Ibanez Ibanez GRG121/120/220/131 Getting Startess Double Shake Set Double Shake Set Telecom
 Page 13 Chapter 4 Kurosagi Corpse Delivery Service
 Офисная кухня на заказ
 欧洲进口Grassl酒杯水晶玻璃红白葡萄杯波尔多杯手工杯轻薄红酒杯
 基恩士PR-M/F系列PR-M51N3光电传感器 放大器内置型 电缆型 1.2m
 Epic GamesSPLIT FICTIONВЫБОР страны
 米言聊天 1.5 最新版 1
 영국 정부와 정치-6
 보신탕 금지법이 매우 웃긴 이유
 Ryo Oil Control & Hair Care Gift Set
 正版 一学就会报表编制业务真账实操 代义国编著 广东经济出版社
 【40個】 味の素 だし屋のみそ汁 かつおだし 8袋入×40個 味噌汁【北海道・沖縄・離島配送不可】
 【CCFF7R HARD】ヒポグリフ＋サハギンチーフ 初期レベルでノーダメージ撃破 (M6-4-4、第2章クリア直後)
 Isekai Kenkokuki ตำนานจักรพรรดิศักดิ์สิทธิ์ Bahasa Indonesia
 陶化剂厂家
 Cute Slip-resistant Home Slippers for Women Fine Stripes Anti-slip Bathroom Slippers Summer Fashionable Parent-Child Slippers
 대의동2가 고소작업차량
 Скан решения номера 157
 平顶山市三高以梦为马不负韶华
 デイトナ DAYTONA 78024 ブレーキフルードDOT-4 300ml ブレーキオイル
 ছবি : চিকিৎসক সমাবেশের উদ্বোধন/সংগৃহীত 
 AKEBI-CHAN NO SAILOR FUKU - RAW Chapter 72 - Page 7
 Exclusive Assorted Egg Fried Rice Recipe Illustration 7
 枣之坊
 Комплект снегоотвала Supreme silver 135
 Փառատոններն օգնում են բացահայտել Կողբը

• [Action item]: Once the line with "Cute Slip-resistant Home" has been found in the records above, retype it and every line after it exactly, and include nothing else.

• [Exercise solution]:
 Cute Slip-resistant Home Slippers for Women Fine Stripes Anti-slip Bathroom Slippers Summer Fashionable Parent-Child Slippers
 대의동2가 고소작업차량
 Скан решения номера 157
 平顶山市三高以梦为马不负韶华
 デイトナ DAYTONA 78024 ブレーキフルードDOT-4 300ml ブレーキオイル
 ছবি : চিকিৎসক সমাবেশের উদ্বোধন/সংগৃহীত 
 AKEBI-CHAN NO SAILOR FUKU - RAW Chapter 72 - Page 7
 Exclusive Assorted Egg Fried Rice Recipe Illustration 7
 枣之坊
 Комплект снегоотвала Supreme silver 135
 Փառատոններն օգնում են բացահայտել Կողբը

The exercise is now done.